## Reference
https://www.fon.hum.uva.nl/praat/manual/Sound__Change_gender___.html

In [1]:
from IPython.display import Audio
import tempfile

import numpy as np
import parselmouth
import soundfile as sf
from parselmouth.praat import call


In [2]:
# Load the male voice recording
sound = parselmouth.Sound("male_voice.mp3")

In [3]:
Audio(data=sound.values, rate=sound.sampling_frequency)

In [4]:
def change_gender(
    input: np.ndarray,
    sampling_rate: int,
    pitch_min: float,
    pitch_max: float,
    formant_shift_ratio: float,
    new_pitch_median: float,
    pitch_range_factor: float,
    duration_factor: float,
) -> np.ndarray:
    """
    Changes the gender of the input audio using Praat's 'Change gender' algorithm.

    Args:
        input (np.ndarray): The input audio data as a NumPy array.
        sampling_rate (int): The sampling rate of the input audio.
        pitch_min (float): Minimum pitch (Hz) below which pitch candidates will not be considered.
        pitch_max (float): Maximum pitch (Hz) above which pitch candidates will be ignored.
        formant_shift_ratio (float): Ratio determining the frequencies of formants in the newly created audio.
            A ratio of 1.0 indicates no frequency shift, while 1.1 approximates female formant characteristics.
            A ratio of 1/1.1 approximates male formant characteristics.
        new_pitch_median (float): Median pitch (Hz) of the new audio. The pitch values in the new audio
            are calculated by multiplying them by new_pitch_median / old_pitch_median.
            Default: 0.0 (same as original).
        pitch_range_factor (float): Scaling factor for the new pitch values around the new pitch median.
            A factor of 1.0 implies no additional pitch modification (except for the median adjustment).
            A factor of 0.0 monotonizes the new sound to the new pitch median.
            Default: 1.0.
        duration_factor (float): Factor by which the sound will be lengthened.
            Values less than 1.0 result in a shorter sound, while values larger than 3.0 are not supported.
            Default: 1.0.

    Returns:
        np.ndarray: The processed audio data as a NumPy array with the gender changed.

    Raises:
        AssertionError: If pitch_min is greater than pitch_max or if duration_factor is larger than 3.0.
    """
    assert pitch_min <= pitch_max, "pitch_min should be less than or equal to pitch_max"
    assert duration_factor <= 3.0, "duration_factor cannot be larger than 3.0"

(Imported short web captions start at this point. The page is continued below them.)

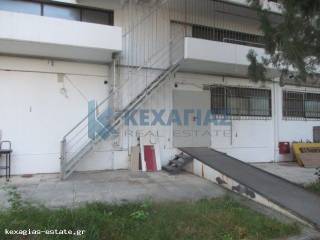 ΟΠΙΣΘΙΑ ΟΨΗ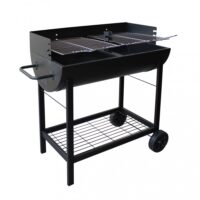 BARBECUE A CARBONELLA WISCONSIN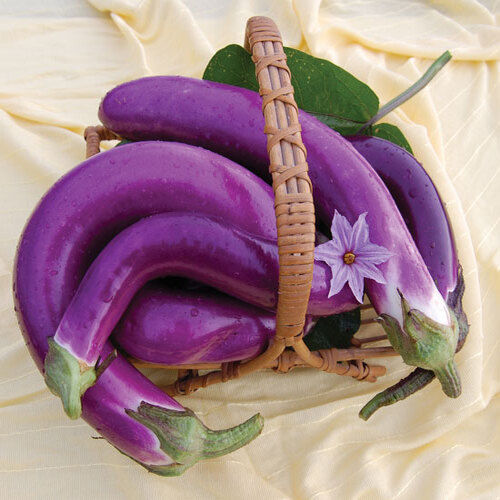 Healthy Natural Rich Fine Delicious Taste Chemical Free Purple Fresh Brinjal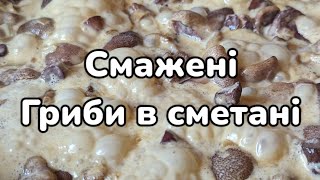 Гриби в сметані, як смажити маслята маслюки в сметані. Як жарити гриби просто і швидко з цибулею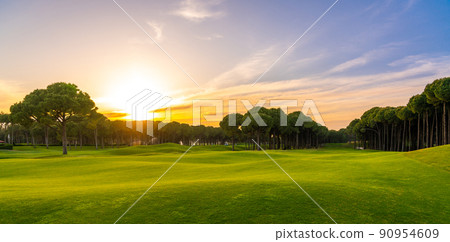Scenic panoramic view of Golf course at sunset with beautiful sky. Golf fairway with pines Scenic panoramic view of Golf course at sunset with beautiful sky. Golf fairway with pines 90954609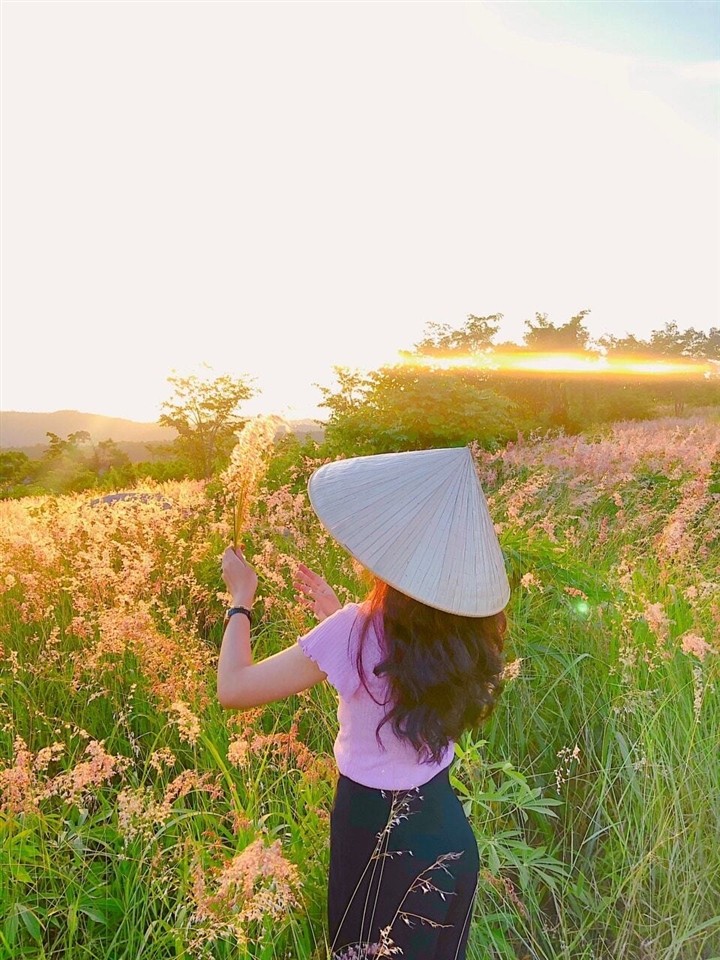 The Pink Grass Fields of Gia Lai
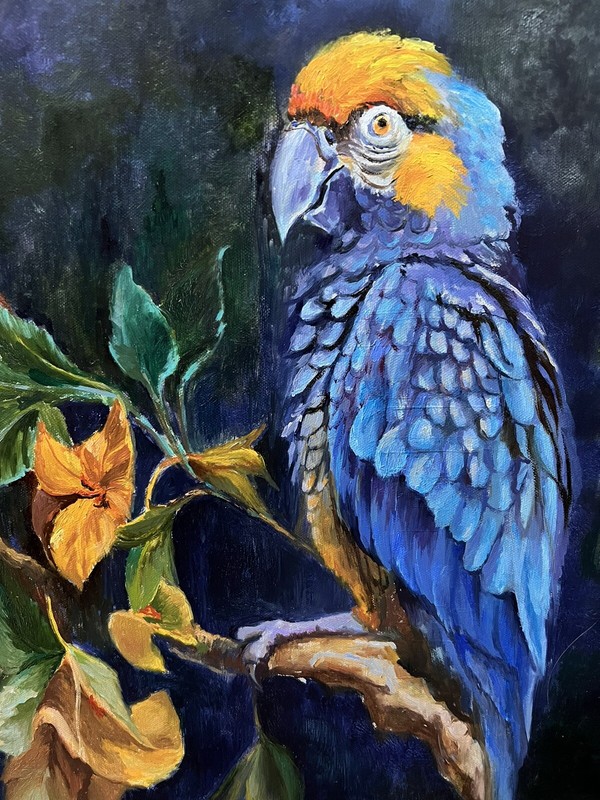 Parrot Portrait, Original Painting oil, 16x20 inches, Handmade Gift, Home Decor gallery
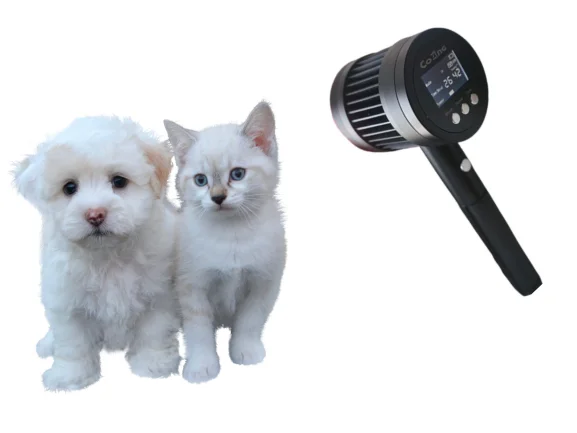 

High Power 1295mW Laser Therapy Machine for Humans & Pets – Safe and Non-Invasive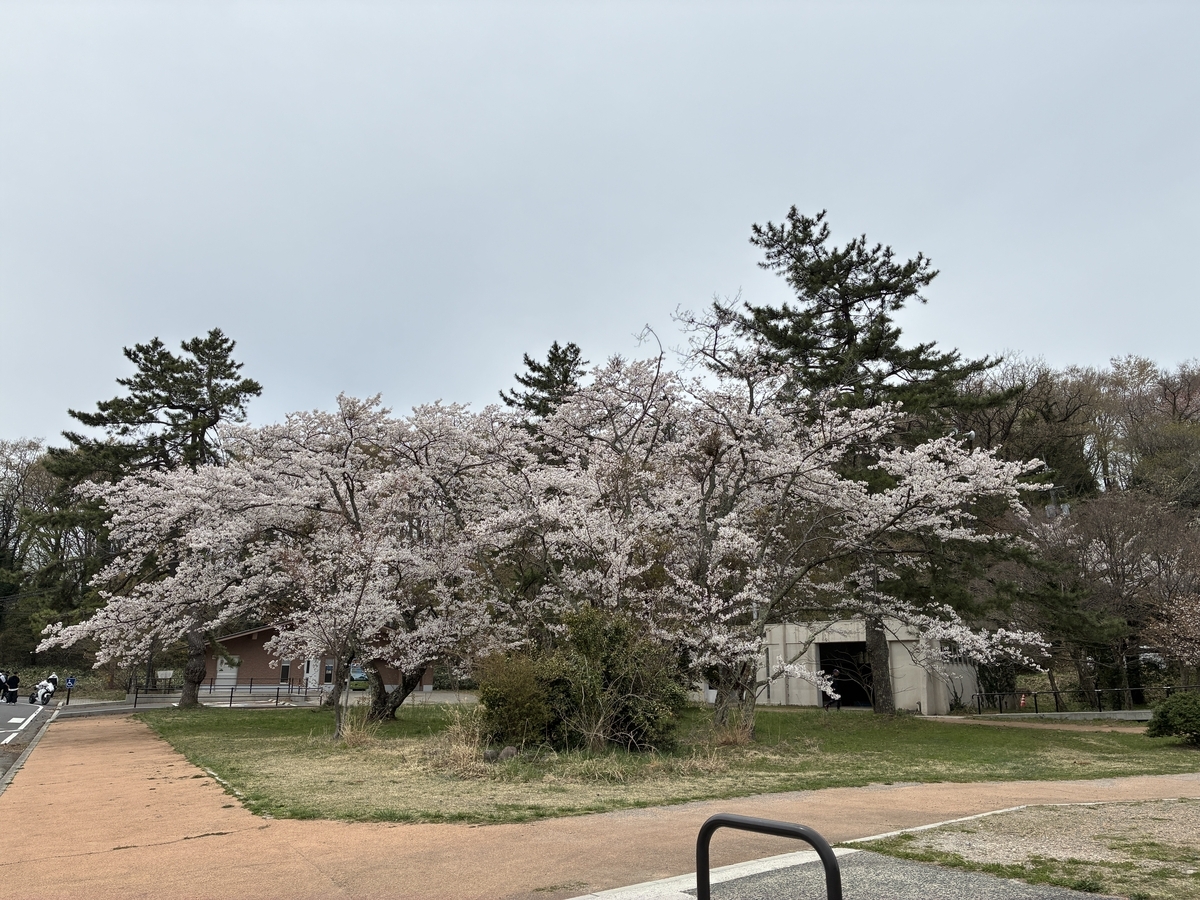 三瓶山 西の原 山の駅さんべ 桜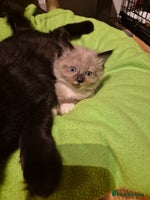 Mixed Breed cats Half Ragdoll kittens - Advert 2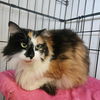 adoptable Cat in candler, NC named Lilly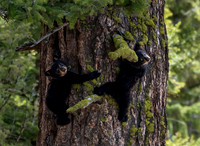 Black Bear Cubs of the Year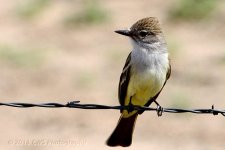 4-23-16-cr__D7K3114.jpg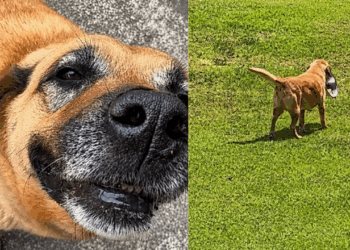 O cachorro que conquistou milhões ao levar sua tigela para repetir o jantar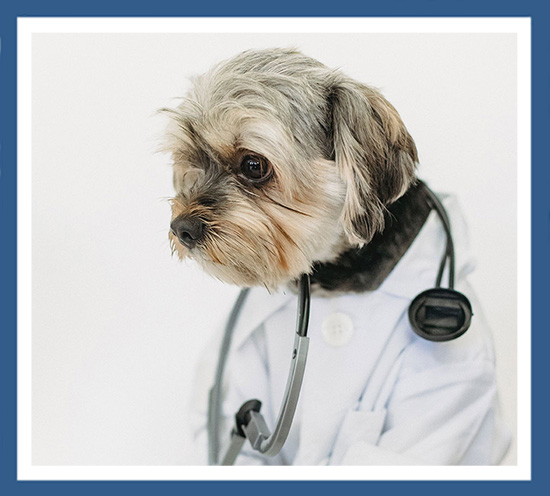 A dog veterinarian client seeking marketing companies that help pet care brands and vet clinics.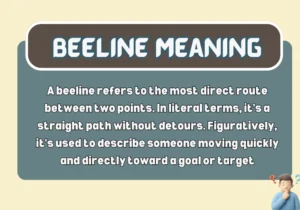 Beeline Meaning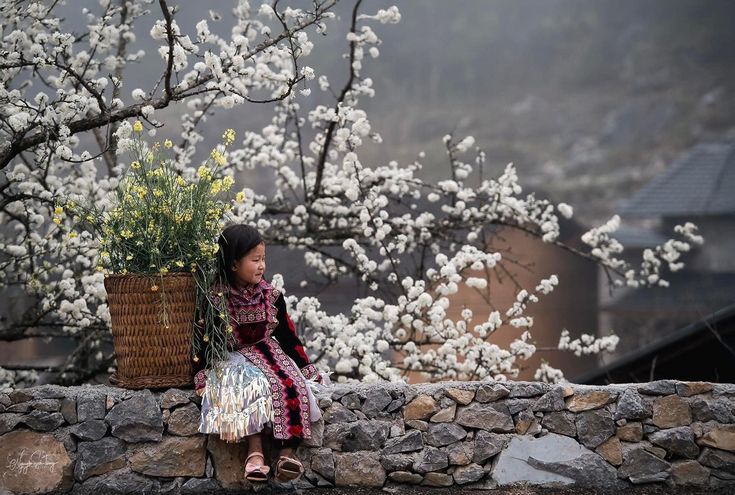 Plum blossoms in Lo Lo Chai Village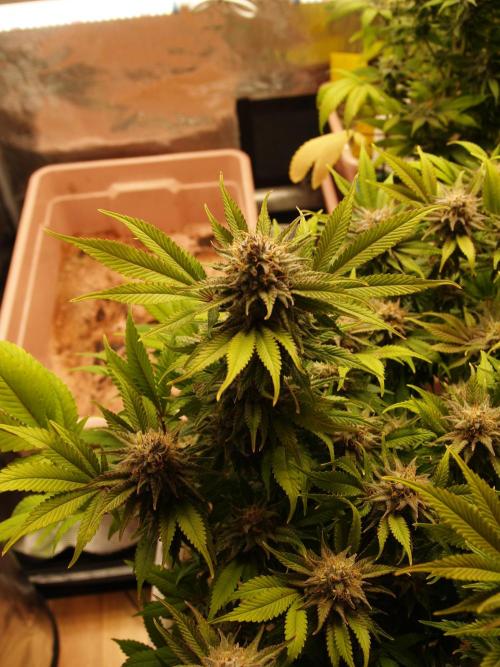 White Rhino From Zamnesia zweite Runde. Week 17 - Tag 117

    # Save the input audio to a temporary file
    tmp_file = tempfile.NamedTemporaryFile(suffix=".wav", delete=False)
    sf.write(tmp_file, input, sampling_rate)

    # Load the source audio
    sound = parselmouth.Sound(tmp_file.name)

    # Tune the audio
    tuned_sound = call(
        sound,
        "Change gender",
        pitch_min,
        pitch_max,
        formant_shift_ratio,
        new_pitch_median,
        pitch_range_factor,
        duration_factor,
    )

    # Remove the temporary file
    tmp_file.close()

    return np.array(tuned_sound.values.T)

In [5]:
tuned_audio = change_gender(np.array(sound.values.T), int(sound.sampling_frequency), 75, 600, 1.1, 0.0, 1.0, 1.0)

In [6]:
sf.write("tuned_voice.wav", tuned_audio, int(sound.sampling_frequency))